Depuis plusieurs mois maintenant, les incidents se multiplient à bord des appareils, dénonce RESF qui met en cause le manque d’humanité des traitements infligés aux expulsés, mais aussi la criminalisation de la solidarité. L’organisation énumère, dans son communiqué, les cas récents les plus marquants :

* Le 30 août 2006, le Directeur de la sécurité d’Air France décide de remplacer personnellement le commandant de bord le un vol « sensible » qui doit expulser le lycéen Jeff Babatunde Shitu. Il fait investir l’appareil Air France par les CRS pour mater les passagers du Paris Lagos d’Air France.

* Florimond Guimard, instituteur de Marseille, est accusé de violence en réunion avec arme par destination pour avoir protesté, le 11 novembre 2006, contre l’expulsion d’un père algérien de 2 enfants sur un vol Air France au départ de Marignane. Il sera jugé le 22 octobre 2007 et risque 3 années de prison et 45 000 € d’amende. Il sera présent jeudi 12 juillet.

* Vol Air France Paris-Bamako du 29 novembre 2006, les passagers d’Air France protestent contre les mauvais traitements infligés à un expulsé. L’identité d’une passagère d’Air France est relevée. Placée en garde à vue à son retour, elle risque 5 années de prison et 18 000 € d’amende pour entrave à la circulation d’un aéronef. Sa présence est espérée le 12 juillet.

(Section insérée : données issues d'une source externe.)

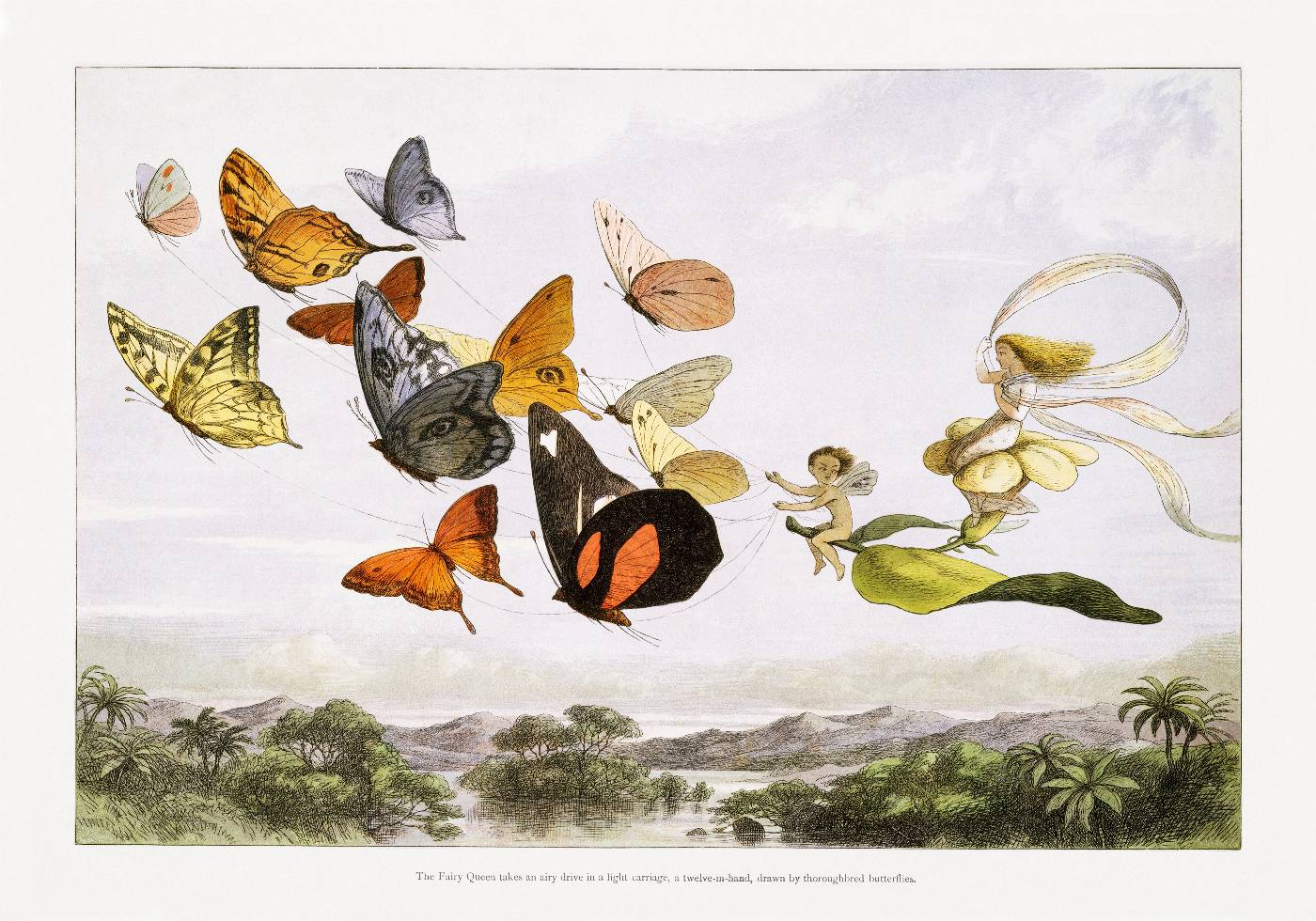 In Fairyland Butterflies By Richard Doyle Vintage Art Poster - Posterbox.no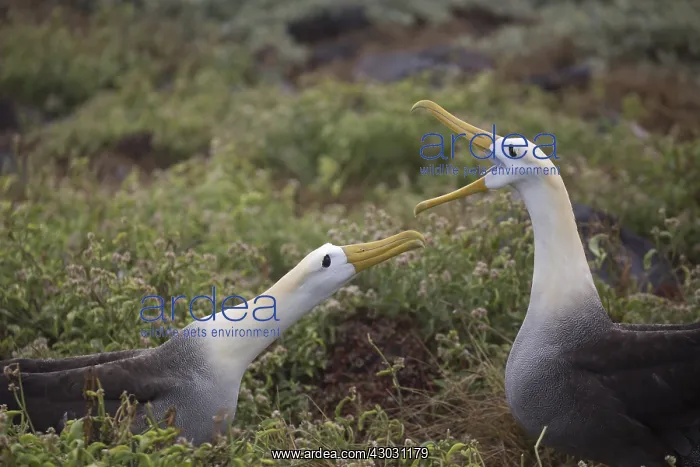 : Waved Albatross - Greeting on arrival at nest - : Waved Albatross - Greeting on arrival at nest -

* Le 2 décembre 2006, François Auguste, vice-président de la Région Rhône-Alpes, s’adresse aux passagers d’un vol Air France Lyon-Paris car une famille expulsée se trouve dans l’appareil d’Air France. Jeté à terre par l’escorte policière, molesté, placé en garde-à-vue, il est accusé d’entrave à la circulation d’un aéronef. Il sera jugé le 26 novembre à Lyon. Il risque 5 années de prison et 18 000 € d’amende. François Auguste s’est excusé de ne pouvoir être présent le 12 juillet.

* 28 avril 2007, vol Air France Paris Bamako encore, deux expulsés qui crient sont frappés, étouffés par des oreillers. Des passagers d’Air France protestent verbalement, parmi eux Marie-Françoise Durupt. Les reconduits sont débarqués mais Marie-Françoise Durupt et un autre passager d’Air France sont débarqués, placés en garde à vue. Le procès de ces passagers d’Air France a eu lieu le 3 juillet. Verdict le 4 septembre. Marie-Françoise Durupt sera présente le 12 juillet.

* 26 mai : Air France Paris Bamako toujours. Un expulsé proteste. Les policiers le bourrent de coups de poings et l’étranglent jusqu’à l’évanouissement. Il est débarqué sans connaissance. Des passagers protestent. L’un d’entre eux est interpellé et placé en garde à vue. Le vol Air France Paris-Bamako est annulé. Salif Kamate, le malien qui a refusé d’embarquer a été relaxé du délit de coups et blessures à agent (il a mordu le policier qui l’étranglait), le tribunal ayant considéré que la violence à son encontre était disproportionnée et qu’il se trouvait en état de légitime défense.